Caresse accepted Henry's proposal. She wrote the title given her by Henry Miller Opus Pistorum at the top, and started right in. Henry left for his car tour of America. Caresse churned out 200 pages and the collector’s agent asked for more.

Caresse’s smut was just what the oil man wanted--no literary aspirations--just plain sex. In Caresse the agent had found the basic pornographic Henry Miller. Caresse churned out another 200 pages, spending her time writing while her husband, Bert Young, fell into a drunken stupor every night.

In her diary, Anaïs Nin observed that everyone who wrote pornography with her wrote out of a self that was opposite to her or his identity, but identical with his desire. Polly or Caresse experienced years of social constraints imposed by her upper-class association in New York. She had a doomed and troublesome romanticism with Harry Crosby. She participated in a decade or more of intellectual lovers in Paris during the 1920s. Perhaps it was a release for Caresse just to take love as casual lust and let it go at that.

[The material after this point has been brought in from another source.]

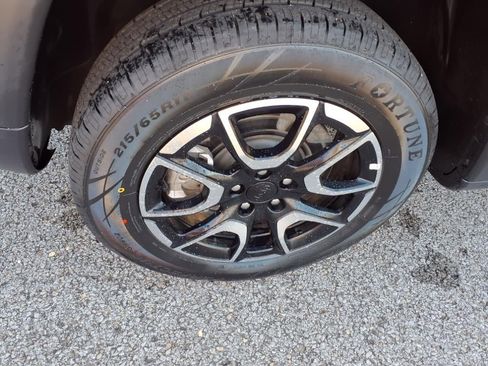 Used 2024 Jeep Compass Trailhawk image 5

[edit] Founded artists colony in Europe

In 1940 Caresse divorced Bert Young and moved to Italy by 1950 where she planned to create an artists colony. She published an autobiography in 1953 called The Passionate Years. Caresse died in relative obscurity on January 24, 1970, aged 78, but she lived long enough to see the bra go through a number of transformations and become immensely popular all over the world.